A recently released report on the public-sector payroll confirmed that the government's policies were moving in the right direction and had achieved visible results, Interior Minister Yiannis Ragoussis said on Wednesday. He was commenting on a report released the previous day by the finance and interior ministries.
Concerning planned changes to civil service salaries, Ragoussis stressed that the new salary scale "in no way aimed to cut back payroll costs".
The goal of reducing the public-sector payroll from 21.5 billion euro a year to 16.5 billion euro a year at the end of the government's term will be achieved "through the policies that we have adopted until now and the choice made last year to freeze hiring and this year to adopt the 5:1 ratio (five departures for one hiring)," the minister said.

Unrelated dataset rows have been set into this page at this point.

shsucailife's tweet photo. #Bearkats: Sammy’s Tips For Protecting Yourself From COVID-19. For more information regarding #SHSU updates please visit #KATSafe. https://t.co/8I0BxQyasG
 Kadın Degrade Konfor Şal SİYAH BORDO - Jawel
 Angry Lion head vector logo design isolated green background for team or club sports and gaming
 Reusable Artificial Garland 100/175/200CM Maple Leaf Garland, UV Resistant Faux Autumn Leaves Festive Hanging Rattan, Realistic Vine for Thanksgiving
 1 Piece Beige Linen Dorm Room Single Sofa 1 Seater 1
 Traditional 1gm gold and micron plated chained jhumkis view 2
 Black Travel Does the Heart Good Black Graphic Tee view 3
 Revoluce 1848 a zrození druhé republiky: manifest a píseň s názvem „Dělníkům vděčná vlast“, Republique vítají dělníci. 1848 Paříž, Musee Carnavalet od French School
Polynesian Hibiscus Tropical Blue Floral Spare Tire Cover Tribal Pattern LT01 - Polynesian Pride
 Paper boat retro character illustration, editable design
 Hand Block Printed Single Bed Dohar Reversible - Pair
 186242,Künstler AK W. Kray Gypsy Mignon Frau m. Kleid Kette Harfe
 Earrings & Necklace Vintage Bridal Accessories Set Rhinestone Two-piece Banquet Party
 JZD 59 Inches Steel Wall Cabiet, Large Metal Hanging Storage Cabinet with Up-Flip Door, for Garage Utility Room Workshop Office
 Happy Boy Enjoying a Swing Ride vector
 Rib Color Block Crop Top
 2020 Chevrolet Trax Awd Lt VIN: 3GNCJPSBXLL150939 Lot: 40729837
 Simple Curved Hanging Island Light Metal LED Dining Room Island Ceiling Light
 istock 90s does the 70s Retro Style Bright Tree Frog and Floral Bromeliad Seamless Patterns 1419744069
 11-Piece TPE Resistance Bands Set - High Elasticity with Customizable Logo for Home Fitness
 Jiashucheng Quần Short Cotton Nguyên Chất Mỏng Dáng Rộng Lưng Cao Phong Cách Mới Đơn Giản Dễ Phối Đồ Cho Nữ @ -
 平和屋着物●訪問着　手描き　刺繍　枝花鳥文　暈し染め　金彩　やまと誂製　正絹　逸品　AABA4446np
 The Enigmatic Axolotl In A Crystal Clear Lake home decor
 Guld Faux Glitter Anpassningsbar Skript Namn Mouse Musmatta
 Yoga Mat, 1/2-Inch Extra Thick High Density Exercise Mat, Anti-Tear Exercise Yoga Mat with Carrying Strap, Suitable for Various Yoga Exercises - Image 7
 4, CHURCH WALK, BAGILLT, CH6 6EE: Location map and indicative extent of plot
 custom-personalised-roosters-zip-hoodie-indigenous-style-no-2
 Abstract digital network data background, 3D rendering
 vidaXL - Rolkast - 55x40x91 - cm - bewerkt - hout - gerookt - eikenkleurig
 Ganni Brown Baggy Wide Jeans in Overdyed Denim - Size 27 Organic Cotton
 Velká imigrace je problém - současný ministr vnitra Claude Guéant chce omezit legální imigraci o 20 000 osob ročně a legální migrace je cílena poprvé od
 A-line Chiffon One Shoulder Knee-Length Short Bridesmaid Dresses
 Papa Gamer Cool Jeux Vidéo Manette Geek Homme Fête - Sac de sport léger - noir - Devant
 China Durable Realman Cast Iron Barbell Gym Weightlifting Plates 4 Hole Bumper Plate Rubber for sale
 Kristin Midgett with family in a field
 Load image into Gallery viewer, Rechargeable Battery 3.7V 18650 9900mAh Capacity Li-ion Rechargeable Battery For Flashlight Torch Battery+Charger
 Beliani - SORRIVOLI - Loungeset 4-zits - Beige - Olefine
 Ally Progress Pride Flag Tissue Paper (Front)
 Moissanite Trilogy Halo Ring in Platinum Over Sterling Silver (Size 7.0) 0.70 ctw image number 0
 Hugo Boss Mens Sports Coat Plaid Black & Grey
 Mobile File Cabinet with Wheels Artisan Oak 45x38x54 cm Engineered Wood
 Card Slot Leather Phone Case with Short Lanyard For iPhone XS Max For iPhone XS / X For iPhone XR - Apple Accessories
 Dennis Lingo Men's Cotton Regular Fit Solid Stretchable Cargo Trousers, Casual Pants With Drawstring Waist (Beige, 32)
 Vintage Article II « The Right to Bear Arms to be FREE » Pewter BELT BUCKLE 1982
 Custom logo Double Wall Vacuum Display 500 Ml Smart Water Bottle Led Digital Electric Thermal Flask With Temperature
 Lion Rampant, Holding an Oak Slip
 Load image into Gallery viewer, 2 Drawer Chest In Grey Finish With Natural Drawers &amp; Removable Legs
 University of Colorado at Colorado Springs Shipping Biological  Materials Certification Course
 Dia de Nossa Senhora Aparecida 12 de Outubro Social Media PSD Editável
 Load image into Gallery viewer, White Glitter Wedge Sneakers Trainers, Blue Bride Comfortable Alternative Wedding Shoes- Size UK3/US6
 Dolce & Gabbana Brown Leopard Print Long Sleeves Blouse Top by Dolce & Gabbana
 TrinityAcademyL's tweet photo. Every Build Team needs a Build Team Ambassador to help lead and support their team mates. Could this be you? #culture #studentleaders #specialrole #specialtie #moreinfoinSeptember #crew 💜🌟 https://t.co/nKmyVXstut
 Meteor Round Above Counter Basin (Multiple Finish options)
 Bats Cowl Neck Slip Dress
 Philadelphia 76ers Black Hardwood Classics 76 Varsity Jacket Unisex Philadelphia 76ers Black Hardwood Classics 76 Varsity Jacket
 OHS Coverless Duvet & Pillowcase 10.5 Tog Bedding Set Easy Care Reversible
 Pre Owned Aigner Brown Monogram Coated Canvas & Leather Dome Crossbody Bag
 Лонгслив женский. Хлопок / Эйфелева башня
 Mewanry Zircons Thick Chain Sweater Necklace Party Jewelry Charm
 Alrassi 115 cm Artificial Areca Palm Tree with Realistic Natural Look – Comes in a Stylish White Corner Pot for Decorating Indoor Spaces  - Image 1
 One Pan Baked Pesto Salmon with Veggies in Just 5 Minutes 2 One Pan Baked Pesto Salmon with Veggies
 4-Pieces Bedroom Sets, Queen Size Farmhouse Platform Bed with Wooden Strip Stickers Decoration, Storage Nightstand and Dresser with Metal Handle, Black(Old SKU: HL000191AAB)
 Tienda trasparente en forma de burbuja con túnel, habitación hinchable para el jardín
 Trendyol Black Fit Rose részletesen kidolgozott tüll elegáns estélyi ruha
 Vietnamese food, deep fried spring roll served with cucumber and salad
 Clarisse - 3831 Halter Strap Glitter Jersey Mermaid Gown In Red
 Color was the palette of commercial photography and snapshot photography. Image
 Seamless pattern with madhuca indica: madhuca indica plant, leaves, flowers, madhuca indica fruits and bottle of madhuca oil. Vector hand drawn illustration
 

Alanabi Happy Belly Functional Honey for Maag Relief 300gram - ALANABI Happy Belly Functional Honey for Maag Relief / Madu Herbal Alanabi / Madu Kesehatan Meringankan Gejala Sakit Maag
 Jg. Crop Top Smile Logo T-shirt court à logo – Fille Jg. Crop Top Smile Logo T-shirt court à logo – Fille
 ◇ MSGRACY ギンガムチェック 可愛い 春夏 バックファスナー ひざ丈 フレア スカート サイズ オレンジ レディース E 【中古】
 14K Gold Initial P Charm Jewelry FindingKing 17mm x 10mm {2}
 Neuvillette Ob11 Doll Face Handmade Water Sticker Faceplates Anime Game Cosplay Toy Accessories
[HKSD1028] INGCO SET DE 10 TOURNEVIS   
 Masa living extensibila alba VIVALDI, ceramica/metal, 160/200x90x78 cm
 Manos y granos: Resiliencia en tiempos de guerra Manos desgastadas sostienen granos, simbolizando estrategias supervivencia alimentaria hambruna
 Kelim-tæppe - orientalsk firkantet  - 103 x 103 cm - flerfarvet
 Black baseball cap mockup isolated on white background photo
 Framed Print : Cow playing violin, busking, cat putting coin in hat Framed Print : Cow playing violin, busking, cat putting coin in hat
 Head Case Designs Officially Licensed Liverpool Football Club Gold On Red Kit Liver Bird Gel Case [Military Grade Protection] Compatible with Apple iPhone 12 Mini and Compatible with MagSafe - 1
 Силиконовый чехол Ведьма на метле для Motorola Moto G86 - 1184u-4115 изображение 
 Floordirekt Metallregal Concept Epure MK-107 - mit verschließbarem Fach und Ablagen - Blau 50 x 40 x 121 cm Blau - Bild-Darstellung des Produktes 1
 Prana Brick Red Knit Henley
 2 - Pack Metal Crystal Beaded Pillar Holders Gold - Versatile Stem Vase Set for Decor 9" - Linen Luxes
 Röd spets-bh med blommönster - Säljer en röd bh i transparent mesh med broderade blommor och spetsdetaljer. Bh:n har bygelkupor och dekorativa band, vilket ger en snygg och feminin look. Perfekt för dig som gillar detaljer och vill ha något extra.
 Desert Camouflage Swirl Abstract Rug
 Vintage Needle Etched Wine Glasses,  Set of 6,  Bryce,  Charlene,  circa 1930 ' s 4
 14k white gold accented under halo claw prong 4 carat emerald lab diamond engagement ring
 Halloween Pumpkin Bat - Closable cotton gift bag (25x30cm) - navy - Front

Ragoussis said that dialogue will soon begin with the civil servants' union ADEDY on the form of the new salary scale, which would be simple, straightforward and based on the principle of equal pay for equal work.
"We want a salary scale that is based on this basic principle, which is fair, simple and modern and which acts as an incentive and not a disincentive for a civil servant to give his best in the effort to serve citizens," he added.
According to Ragoussis, the ultimate goal was to make the Greek civil service one of the most economical among the countries of the Organisation for Economic Cooperation and Development (OECD) and the European Union.
"We will have one of the lowest public-sector payroll costs in relation to the total of primary spending of a state," he said.
According to the report unveiled on Tuesday, employment levels in the Greek public sector were comparable with those of developed economies and especially those of the EU. The problem, according to the authors of the report, lay in the Greek public sector's efficiency and "the chosen policy of state involvement in economic life".
Among others, the current structure of the payroll was criticised as "introverted" and out of touch with market trends, where wages were lower. Other shortcomings were the failure to differentiate between staff with marginal or poor performance and those whose performance was high, thus encouraging indifference and acting as a disincentive for productivity.